Lamont had previously visited the campus two years ago during his election campaign and has since visited the campus several other times. Eastern has had a strong relationship with Lamont, as President Elsa Núñez is a committee member within the Connecticut Complete Count Committee. This is an advisory panel of community leaders who represent diverse populations from across the state and work to analyze previous census undercounts and recommend strategies, to ensure a full count in Connecticut during Lamont’s administration.
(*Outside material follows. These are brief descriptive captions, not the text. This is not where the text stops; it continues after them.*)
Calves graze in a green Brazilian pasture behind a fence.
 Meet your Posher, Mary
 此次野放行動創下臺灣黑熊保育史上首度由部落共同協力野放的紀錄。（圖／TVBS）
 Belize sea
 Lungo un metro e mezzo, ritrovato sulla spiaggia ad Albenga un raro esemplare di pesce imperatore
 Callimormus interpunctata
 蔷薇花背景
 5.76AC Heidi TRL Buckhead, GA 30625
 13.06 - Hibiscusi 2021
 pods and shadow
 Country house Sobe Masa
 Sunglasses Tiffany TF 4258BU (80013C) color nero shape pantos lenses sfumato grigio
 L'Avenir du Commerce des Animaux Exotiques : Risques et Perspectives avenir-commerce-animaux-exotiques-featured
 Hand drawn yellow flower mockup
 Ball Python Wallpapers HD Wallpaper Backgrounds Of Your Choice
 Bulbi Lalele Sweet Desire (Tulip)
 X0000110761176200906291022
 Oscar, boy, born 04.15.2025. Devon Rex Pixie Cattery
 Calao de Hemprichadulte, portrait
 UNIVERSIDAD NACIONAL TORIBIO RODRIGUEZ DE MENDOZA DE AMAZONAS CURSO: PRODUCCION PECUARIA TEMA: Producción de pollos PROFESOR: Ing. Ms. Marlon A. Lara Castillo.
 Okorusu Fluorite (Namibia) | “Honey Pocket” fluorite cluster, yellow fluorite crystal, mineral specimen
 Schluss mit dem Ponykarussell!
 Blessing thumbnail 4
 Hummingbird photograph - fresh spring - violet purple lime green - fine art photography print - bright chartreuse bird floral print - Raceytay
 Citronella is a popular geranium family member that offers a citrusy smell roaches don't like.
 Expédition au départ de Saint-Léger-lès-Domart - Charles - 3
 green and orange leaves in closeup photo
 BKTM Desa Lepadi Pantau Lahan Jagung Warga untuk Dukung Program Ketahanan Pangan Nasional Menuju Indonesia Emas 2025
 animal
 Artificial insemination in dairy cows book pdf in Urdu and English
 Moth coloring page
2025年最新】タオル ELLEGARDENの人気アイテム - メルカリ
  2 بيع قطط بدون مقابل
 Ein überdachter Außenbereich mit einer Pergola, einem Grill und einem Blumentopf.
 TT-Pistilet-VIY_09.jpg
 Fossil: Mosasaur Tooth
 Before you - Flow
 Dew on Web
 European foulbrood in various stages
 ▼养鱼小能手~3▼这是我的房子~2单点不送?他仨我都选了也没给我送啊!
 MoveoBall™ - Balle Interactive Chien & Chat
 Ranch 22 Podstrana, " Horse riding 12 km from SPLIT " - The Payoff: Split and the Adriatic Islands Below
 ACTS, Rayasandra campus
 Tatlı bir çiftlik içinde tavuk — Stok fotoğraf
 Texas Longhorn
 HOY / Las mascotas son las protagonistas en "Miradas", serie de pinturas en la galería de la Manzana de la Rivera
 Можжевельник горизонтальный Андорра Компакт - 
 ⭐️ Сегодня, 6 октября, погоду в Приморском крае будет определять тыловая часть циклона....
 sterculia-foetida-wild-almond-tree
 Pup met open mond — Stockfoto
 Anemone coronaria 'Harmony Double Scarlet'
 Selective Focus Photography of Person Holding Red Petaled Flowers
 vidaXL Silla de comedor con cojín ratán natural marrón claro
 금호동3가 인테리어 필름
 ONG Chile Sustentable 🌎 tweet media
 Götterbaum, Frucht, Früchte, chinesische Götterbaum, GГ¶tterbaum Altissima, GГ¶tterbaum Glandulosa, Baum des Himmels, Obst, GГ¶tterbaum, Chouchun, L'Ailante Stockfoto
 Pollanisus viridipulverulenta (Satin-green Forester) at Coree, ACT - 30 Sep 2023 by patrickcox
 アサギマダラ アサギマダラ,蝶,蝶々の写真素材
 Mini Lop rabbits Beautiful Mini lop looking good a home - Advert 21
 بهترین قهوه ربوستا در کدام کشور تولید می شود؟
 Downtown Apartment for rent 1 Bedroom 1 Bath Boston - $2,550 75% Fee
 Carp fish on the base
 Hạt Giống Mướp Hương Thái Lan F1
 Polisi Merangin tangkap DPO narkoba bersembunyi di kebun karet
Lamont and his fellow cabinet members, Lieutenant Governor Susan Bysiewicz, State Commissioner of Education Dr. Miguel Cardona, State Commissioner of the Department of Developmental Services Jordan Scheff,
After being introduced by President Núñez, Lieutenant Governor Bysiewicz took stage to introduce the night’s topic and would go on to introduce the Governor and moderate the discussion. Governor Lamont first spoke about how he and his cabinet members find workforce to be incredibly important to the state and that there are jobs waiting for students who complete their education. He elaborated saying that this administration is focused “like a laser beam” to help guide students to those jobs and make full use of their skills. The Governor summarized his cabinet’s dedication to helping students find jobs as their “search for talent”.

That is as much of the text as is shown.